Mandamus petitions and not-so-subtle hints

February 26, 2019

Contemporary mandamus practice in the Fifth Circuit is well-illustrated by In re JPMorgan Chase, in which the Court concluded:

  1. An order requiring individual notice to 42,000 former Chase employees, as part of the conditional certification of a collective action under the FLSA, was not remediable by an ordinary appeal;
  2. The issue of whether notice should be sent to employees with arbitration agreements — roughly 30,000 of the relevant employees — “has importance well beyond this case, so mandamus relief would be appropriate;
  3. The district court’s decision to require notice to those “Arbitration Employees” was not a “clear and indisputable” error, given the state of the case law at the time of its decision; but 
  4. After review of the law, the Court concluded that the district court was in fact wrong.
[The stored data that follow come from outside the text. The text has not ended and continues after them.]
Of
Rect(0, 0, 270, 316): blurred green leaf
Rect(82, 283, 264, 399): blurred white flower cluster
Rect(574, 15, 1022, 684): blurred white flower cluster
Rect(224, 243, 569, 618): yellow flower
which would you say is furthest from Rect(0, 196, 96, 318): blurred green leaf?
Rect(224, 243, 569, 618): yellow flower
As the court had now “issue[d] this published as a holding on these legal issues,” it stayed the case for thirty days “[t]o facilitate . . . review” of “its decision in light of this opinion, which is now binding precedent throughout the Fifth Circuit.”

No. 18-20825 (Feb. 21, 2019) (applying, inter aliaIn re: Depuy Orthopaedics, Inc., 870 F.3d 345, 350 (5th Cir. 2017)).